J'avais déjà goûté de l'alcool de framboises qu'un représentant avait préparé avec la même recette (enfin sauf qu'il avait mis des framboises à la place des oranges, hein), et c'était plutôt carrément dégueulasse. Le petit côté "alcool frelaté dans le garage, qu'on utiliserait d'ordinaire pour nettoyer les vitres", ça m'avait un peu dérangé. Mais j'en avais juste pris quelques gouttes en digestif, si ça se trouve, cette fois-ci ça sera différent.
Déjà là c'est en apéritif, et ça change tout.

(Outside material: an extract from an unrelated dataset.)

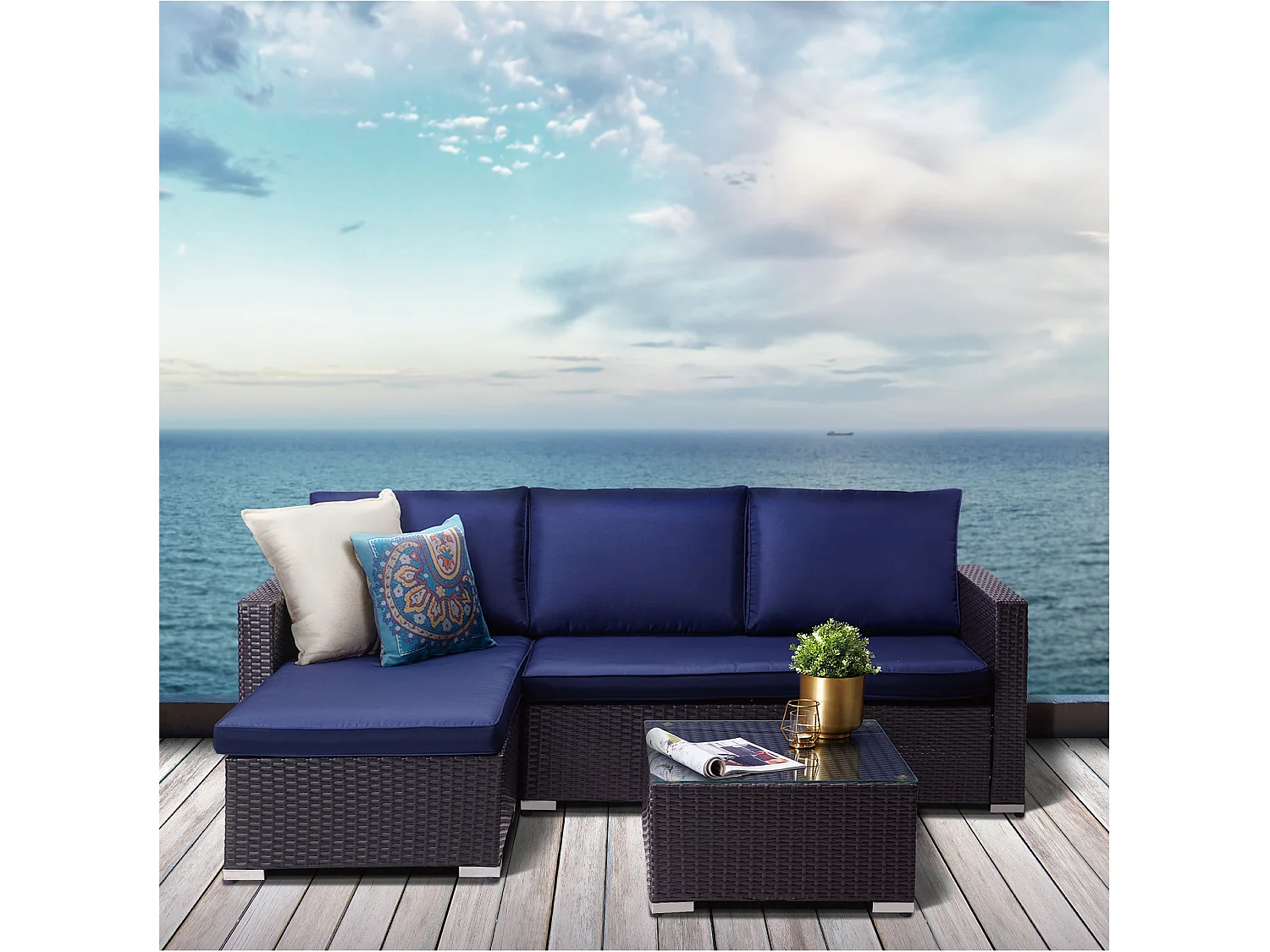 Salon de jardin extérieur 3 pièces 1 table basse 1 canapé 1 fauteuil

Hmm, ouais, c'est fort et sucré, et ça a pas vraiment le goût d'oranges, mais au moins cette fois on n'a pas la désagréable impression de boire un mélange immonde d'alcool à 90° et de sirop de framboises... Bon allez, si t'en reveux y'en rena, ça tente quelqu'un ? Ouaiiis, on en redonne à David, il conduit pas ! Je finis poliment mon deuxième verre, en mentant à GrandCon que c'est délicieux, c'est très fin ça se boit sans soif. L'avantage c'est qu'en arrivant à table, je suis un peu pompette, hihihi.
Alez, je vais manger un peu, pour éponger. Oh en plus c'est du poisson, ça veut dire qu'il va y avoir du vin blanc, j'aime bien le vin blanc ! J'en ai bu un verre, sur tout le repas (et peut-être un deuxième avec le dessert).
Il n'y avait plus qu'à laisser le mélange opérer.
En sortant de table, je me souviens avoir dit à Papaprocellus que j'avais mal à la tête, et il s'est moqué de moi, ha ha on a bu trop de vin blanc ?
Ensuite, plus rien. Juste une terrible envie de mourir, quand j'ai commencé à refaire surface dans le RER, quelques heures plus tard, en me demandant comment j'avais fait pour arriver jusque là.